Artificial intelligence for measurements in cultural heritage
ORGANIZED BY
Francesco Colace
University of Salerno
Francesco Fontanella
University of Cassino and Southern Lazio
Mario Molinara
University of Cassino and Southern Lazio
Filippo Stanco
University of Catania, Italy
ABSTRACT
The aim of this session is to present recent advances in Artificial Intelligence (AI) techniques for data analysis and representation cultural heritage measurements.
Any "real world" digitization goes through some kind of measures: digitization of ancient documents, laser scans of monuments, ground penetrating radar, radiocarbon dating, etc. The useful information contained in the measurements is not easy to exploit and some kind of analysis is needed. On the other hand, generating from measures a digital representation of real objects requires for some kind of manipulation.
Recent machine learning and pattern recognition algorithms give the opportunity to analyze and manipulate the acquired data in order to better exploit the contained information and generate the best digital representation.
In this session, all the contributions that improve these analyses and representation through AI techniques are welcome
- Ancient document analysis
- Digital artifact capture, representation and manipulation
- Automatic annotation of tangible and intangible heritage
- Interactive software tools for cultural heritage applications
- Multimedia music classification and reconstruction
- Augmented and Virtual Reality applications
- Image processing, classification and retrieval
- Semantic segmentation
- Serious Game for Cultural Heritage
- Robotic applications
- Ontology reconstruction for historical research document
ABOUT THE CONVENERS
Francesco Colace had a MSc degree (Electronic Engineering) and Ph.D. degree (Information Engineering) from the University of Salerno. He was a research scientist at the National Research Council of Italy from 2000 to 2001. He has been with the University of Salerno since 2005. He is Assistant Professor at the Department of Industrial Engineering (DIIn) and established the ICT Center for Cultural Heritage of which he is member of the executive board. He has published over one hundred papers, written or edited five books. His current research interests are: Knowledge Engineering, Semantic Web, Affective Computing, Sentiment Analysis, Context Awareness.
More info are available on: http://docenti.unisa.it/003563/home
Francesco Fontanella received the Laurea degree in physics and the Ph.D. degree in electronic and computer engineering both from the University of Naples “Federico II,” Naples, Italy, in 2001 and 2005, respectively. He is currently an is an Assistant Professor of Computer Science and Artificial Intelligence at the Department of Electrical and Information Engineering of the University of Cassino and Southern Lazio. His current research interests include pattern recognition, evolutionary computation, machine learning and feature selection.
More info are available on: http://webuser.unicas.it/fontanella/
Mario Molinara received a Msc degree in Computer Science from University of Sannio in 1999 and a Ph.D Degree in “Computer Science and Telecommunication” from University of Salerno in 2003.

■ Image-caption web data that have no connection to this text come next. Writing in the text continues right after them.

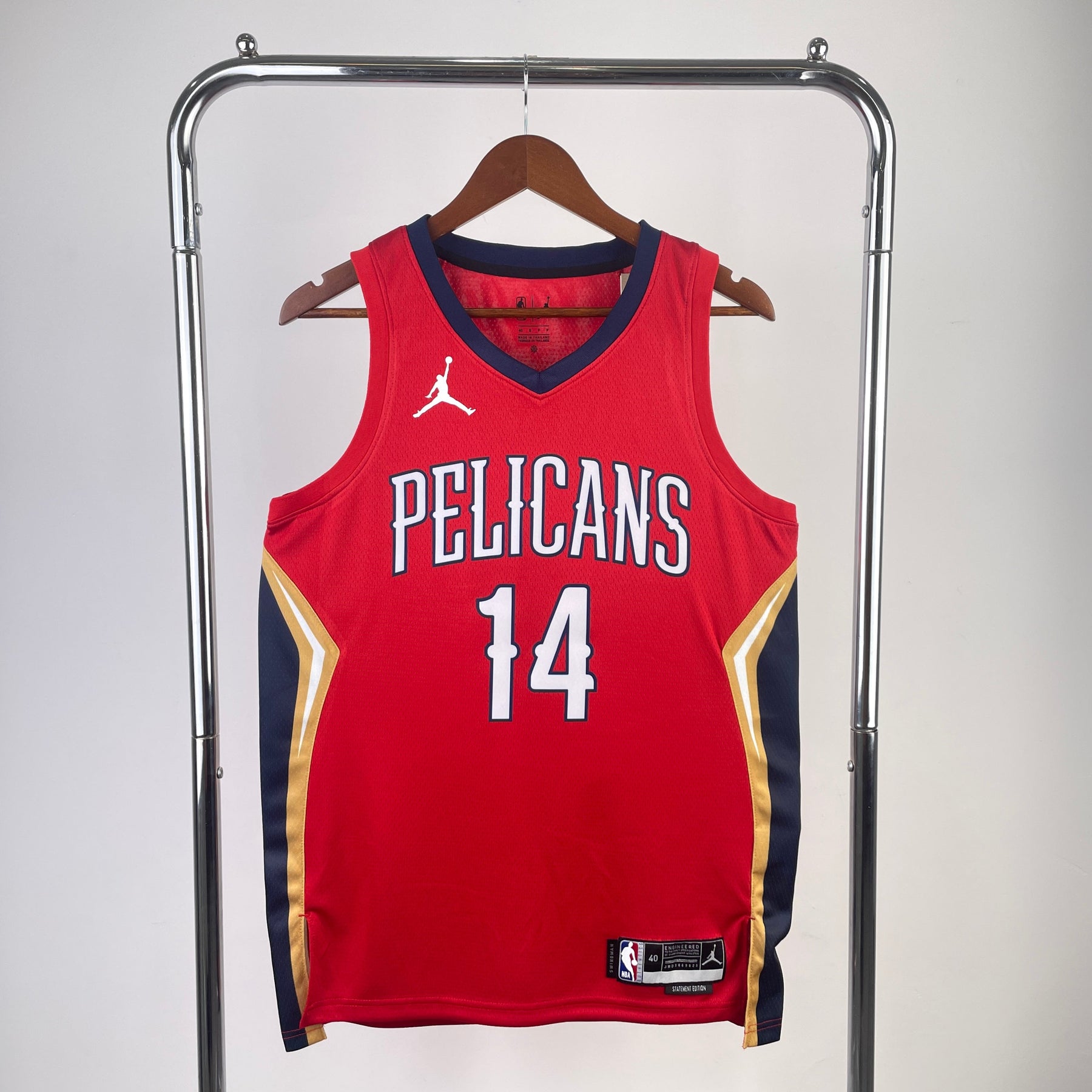 NBA NEW ORLEANS PELICANS RED 23/24
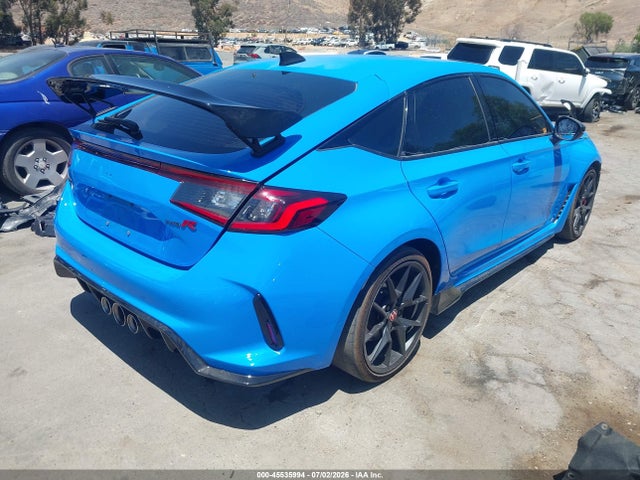 Aukcja sprzedaży 2025 Honda Civic Type R, vin: JHMFL5G49SX005813, numer aukcji: 45535994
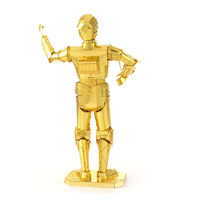 Star Wars Metal Earth Gold C-3PO additional image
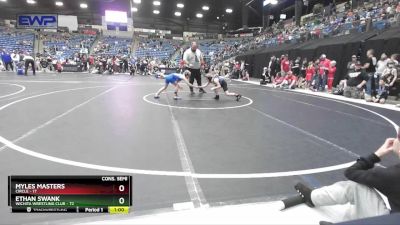 67 lbs Cons. Semi - Ethan Swank, Wichita Wrestling Club vs Myles Masters, Circle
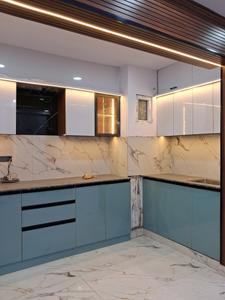 Kitchen Image of 1500 Sq.ft 3 BHK Apartment / Flat for sale in CMA AVS Homz, Sector 102 Noida for Rs. 7200000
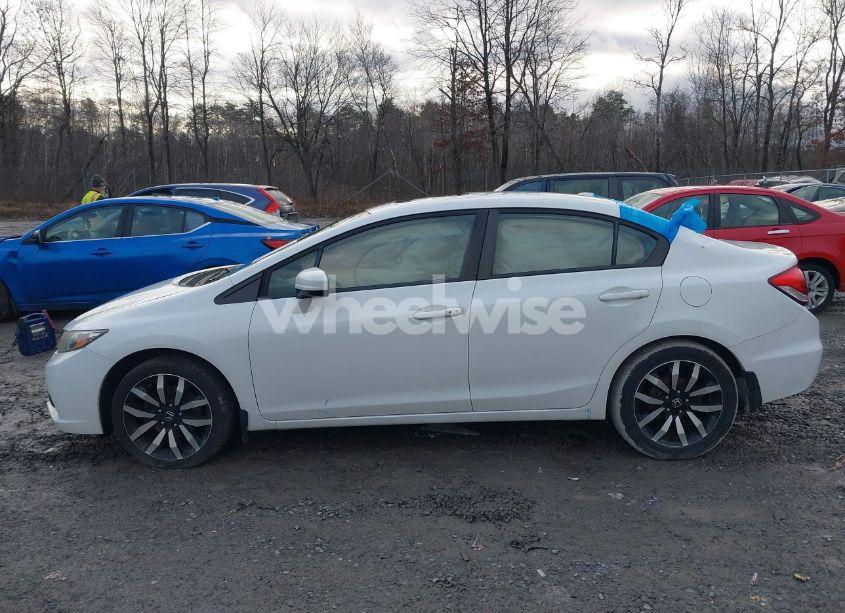 Photo 14 of 2015 Honda Civic EX-L (VIN 19XFB2F98FE235686)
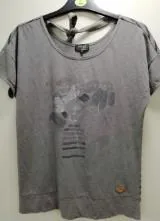 Lady's Long Dress, Short Sleeve - style MA-33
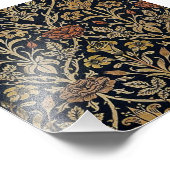 Jugendstil, Belle Epoque, Vintag, schick, Wiege Fotodruck (Ecke)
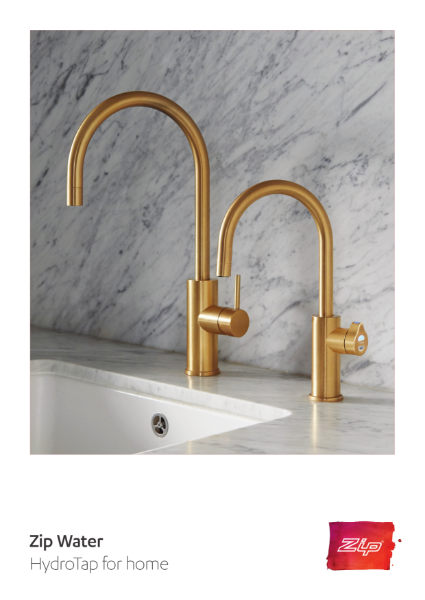 Zip HydroTap for Home brochure & price list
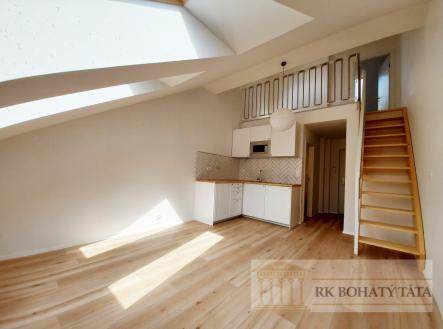foto: 2 | Pronájem bytu, 2+kk, 43 m²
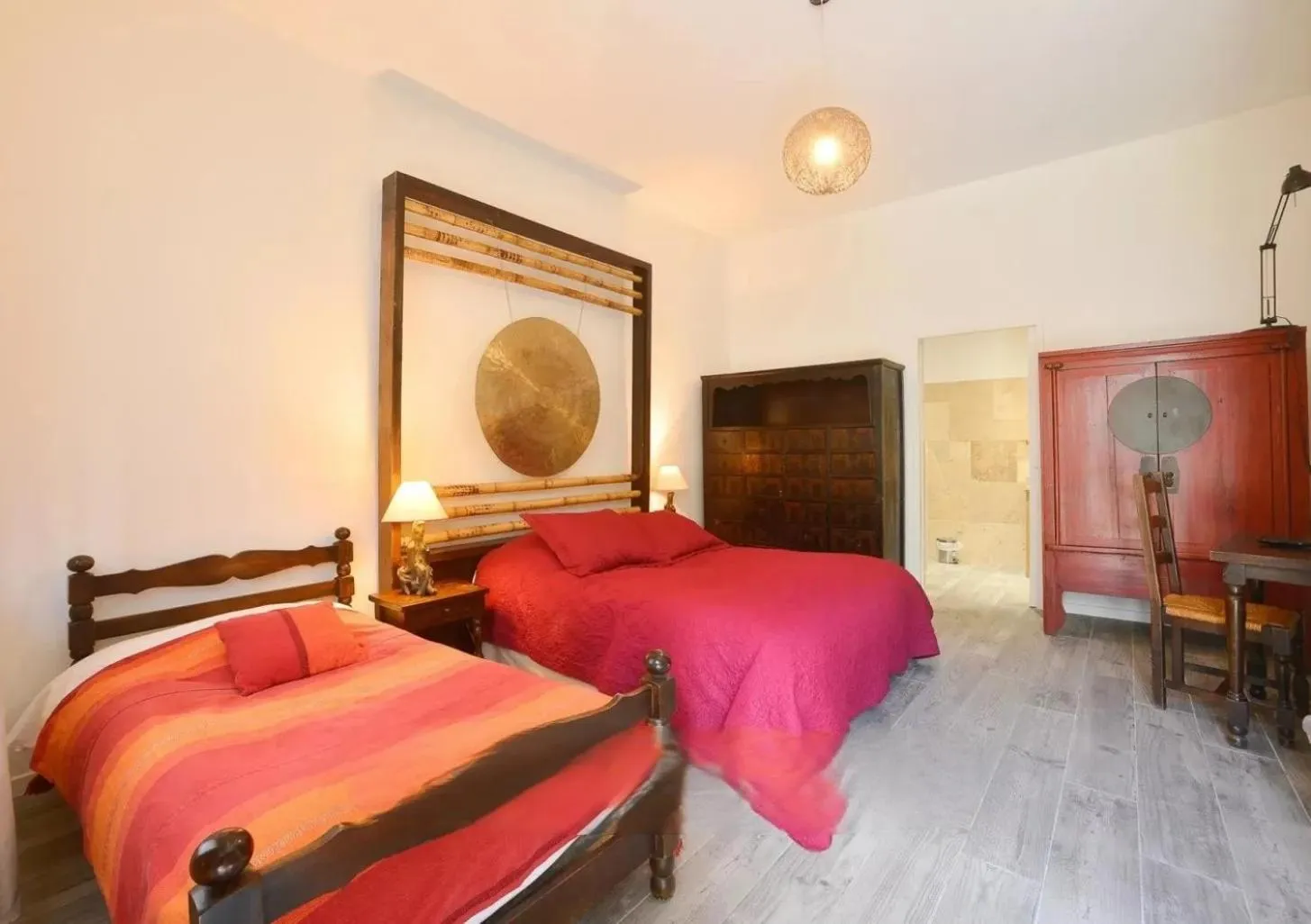 Photo of the whole room, Bed in Hôtellerie Nouvelle de Villemartin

In 2004 he joined the Department of Electrical and Information Engineering (DIEI), where is now an Assistant Professor in Computer Science and Artificial Intelligence at University of Cassino and Southern Lazio.
He is member of the International Association for Pattern Recognition (Italian Chapter CVPR - "Computer Vision, Pattern Recognition"), has authored over fifty research papers in International Journals and Conference Proceedings and he is a member of IEEE.
His current research interests include image analysis and interpretation, classification techniques, statistical learning, biomedical imaging, neural networks, optical character recognition, map and document processing, intelligent measurement systems, smart sensors, IoT applications, time series classification and regression, deep learning techniques.
More info are available on: http://www.unicas.it/didattica/docenti/schedadocente.aspx?nome_cognome=mario_molinara
Filippo Stanco received the degree in Computer Science in 1999 and he received the Ph.D. degree in Computer Science in 2003 from the University of Catania. From 2003 to 2005 he was research assistant at the University of Trieste and from 2005 to 2006 he was Research Assistant at the University of Catania. From 2006 to 2014 he is Assistant Professor with University of Catania.
Since 2014 he is Associate Professor with the Department of Mathematics and Computer Science, University of Catania.
He is the coordinator of the “Archeomatica project” (www.archeomatica.unict.it) to develop new digital tools for the archaeological research and the preservation of Cultural Heritage and is member of the “Centro di Archeologia Cretese” (Cretan archaeological center).
He written or edited three books and has published more than 100 papers in International journals and conferences.
He is reviewer for several international journals, and he is a senior member of IEEE.
His research interests include digital restoration, zooming, super-resolution, artifacts removal, interpolation, texture and GIS.